М.К.: На форум я не пошла абсолютно сознательно, потому что у меня домашняя ситуация тяжёлая и вообще очень нервная, и этот комплекс Кассандры: я вижу, что оно там дальше будет, поэтому все эти вещи накладываются, особенно остро. Я уже была когда-то на Конгрессе интеллигенции, была на съезде писателей и очень хорошо представляю этот стереотип и не хочу туда. Сижу дома всё время, включила концерт — думаю, послушаю. Там кто-то поёт, танцует. Вдруг выходит и читает юмореску Глазового на таком пещерном уровне — Боже мой! Как это говорят, что шароварщина, так ведь и вправду она ужасна. И стыд — аплодируют, овация! Я выключила тот телевизор, чуть не разнесла. Думаю, ну что ж это такое, какой примитив!
Е.З.: Беда здесь в том, мне кажется, что в шестидесятничестве та линия сугубо духовная, так сказать, светлая, которая была, — она как-то не победила, она заслонена политиками. Как Вы считаете?
М.К.: Я считаю, что, возможно, они есть, эти люди, но они не могут или материально, или как-то не могут в общем том пробиться, их не так много. И поэтому общая эта оболочка просто подавляет это сейчас, просто подавляет. Я никогда бы не подумала, потому что я вообще человек конкретного мышления и свои силы очень хорошо взвешиваю, но если взять конкретно то дело, которое мы делаем своим изданием Стуса, — то, кажется, кому же должно помочь государство?
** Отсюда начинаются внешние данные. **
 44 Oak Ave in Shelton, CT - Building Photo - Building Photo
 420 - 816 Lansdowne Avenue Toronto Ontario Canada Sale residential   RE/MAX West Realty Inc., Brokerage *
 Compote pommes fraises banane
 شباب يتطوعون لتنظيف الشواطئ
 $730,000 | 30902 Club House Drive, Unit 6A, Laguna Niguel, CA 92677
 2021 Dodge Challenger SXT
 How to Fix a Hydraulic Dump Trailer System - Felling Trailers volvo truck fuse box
Тем более что все собрались такие, что себе в карман никто не возьмёт. Я знаю, что мне дал полторы тысячи долларов Канадский институт украинских студий. Когда я им отчиталась на эти полторы тысячи канадских долларов, положила им два тома плюс третий и написала, что мы платим себе по 20 долларов, они были настолько поражены, что тут же дали ещё, потому что они себе просто этого не понимают. И что же получается? Что сейчас ходим, побираемся буквально. Причём же делается, оно же никуда не предназначено. Вы знаете, это не востребованы какие-то такие настоящие ценности, получается. Они есть, но для этого надо, очевидно, зубы и локти, чтобы это пробивать. А в процессе пробивания что-то же разрушается.
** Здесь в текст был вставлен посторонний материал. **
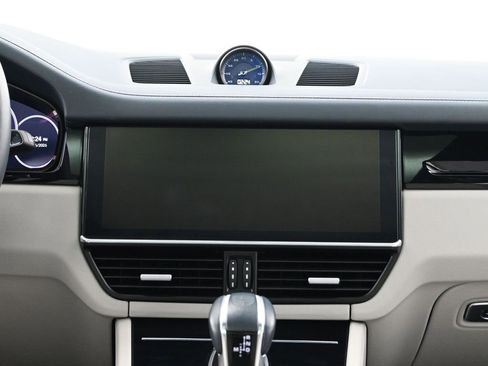 Used 2022 Porsche Cayenne Turbo S image 11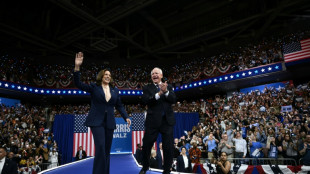 Democratas esperançosos em primeiro comício de Kamala Harris e Tim Walz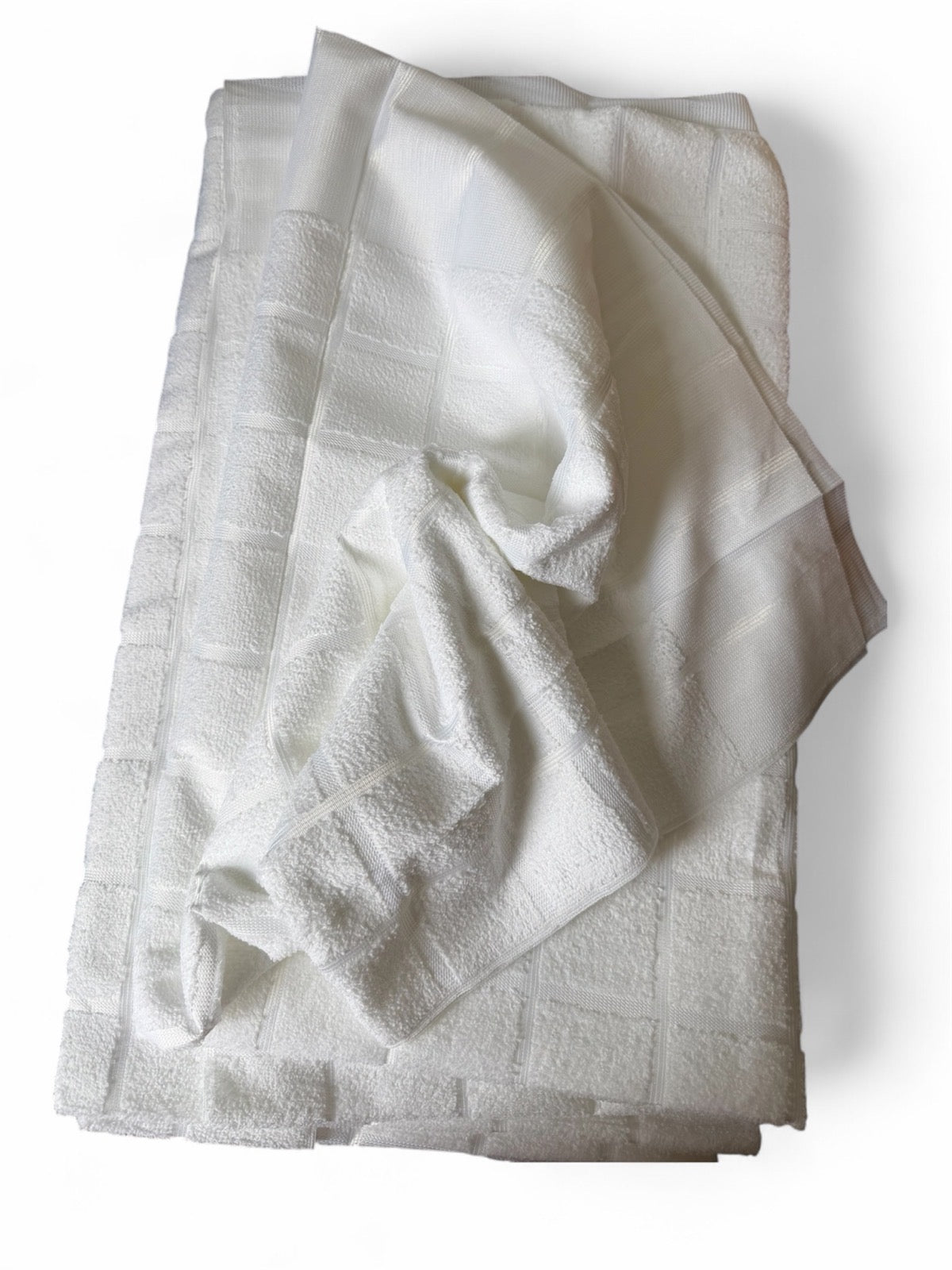 Pack Pèlerin Complet Hajj & Omra – Tous les Essentiels Inclus (Sac Premium USB + Ihram + Ceinture + Tapis + Siwak + Compteur) | Le Pack du Petit Pèlerin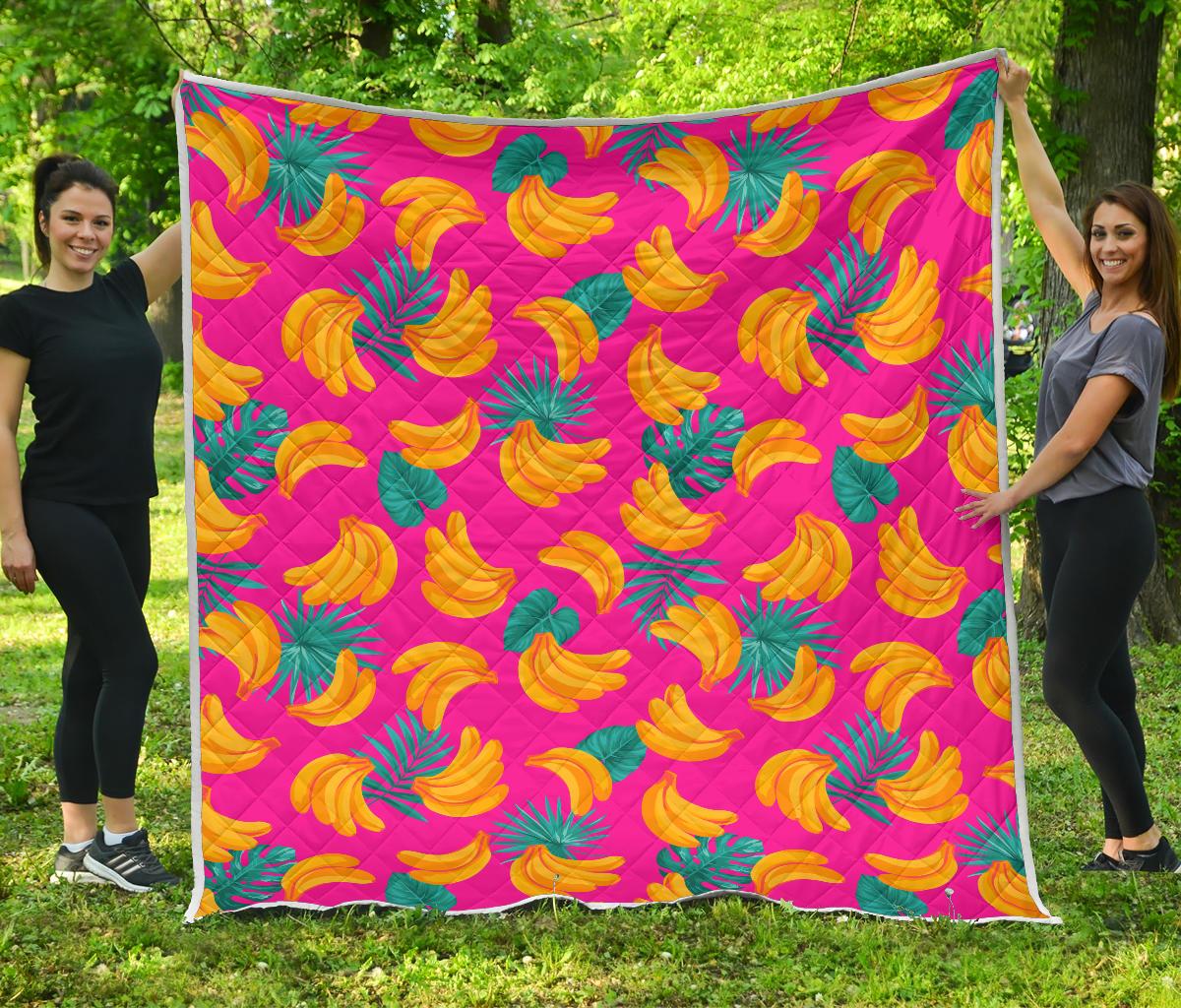 Pink Tropical Banana Pattern Print Quilt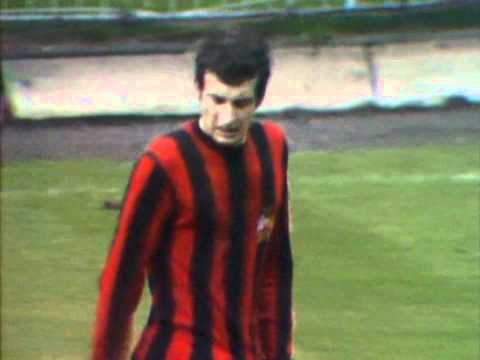 Neil Young: Manchester City Legend [HD]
Е.З.: Мне это знакомо. Вы знаете, я ещё хочу спросить Вас. Мне кажется, что здесь очень важно, что какой-то, как бы это сформулировать, моральный компромисс царит сейчас. Вот, например, Зубец, судья. Это председатель Киевского городского суда и сейчас. Это человек, который послал на смерть Валерия Марченко и Василия Стуса. Ну как вы можете, господа Горбаль, Пронюк, Черновол? Вы голосовали за то, чтобы его бессрочно сделали судьёй, до конца жизни! Как же вы ему не задали хотя бы вопрос, как он расценивает то, что он такое совершил? Ну как можно? Как они смогли утвердить Радченко председателем СБУ, который, как хорошо известно, работал именно в пятом управлении, лично занимался так называемыми демократами, который создавал те сценарии избиения людей здесь. Есть люди, которых били, и известно, как он лично принимал в этом участие. И всё это известно — например, Горбаль это очень хорошо знает. И он всё же молчит, понимаете. Вот как по мне, это, может, одна из возможных причин, которая многое объясняет...
М.К.: Это то, что я называю моральной невыработанностью.
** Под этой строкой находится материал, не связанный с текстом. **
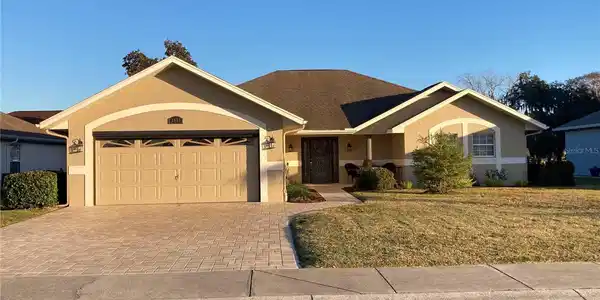 3955 E ARBOR LAKES DRIVE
Е.З.: Николай — такой славный человек! Я о нём только хорошее знаю.
М.К.: Это одна из причин, а вторая причина — это наши стереотипы того вождизма и, кроме того, нашей какой-то пещерной иногда психологии. Например, совсем недавно, я просто была при этом — такой был поэт Наум Тихий...
Е.З.: Слышал. Я с его сыном хорошо знаком.
М.К.: Он человек славный. И он где-то на Житомирщине, в городке, сын еврея-пекаря, он и язык органично с детства знает, он ему родной, и он на нём чисто, прекрасно пишет. И что интересно, что перед старостью, как вспышка, — его книги, например, драматические просто интересны. И что же пишут о нём в «Літературній Україні»?
Е.З.: Я думаю, он умер от этого.
М.К.: Он пишет, что есть украиноязычные и есть украинские поэты, и к украиноязычным относит Первомайского, Фишбейна, Тихого... Так спасибо, поклонимся, что это они украиноязычные! Потому что бог весть какую литературу... А Пастернак?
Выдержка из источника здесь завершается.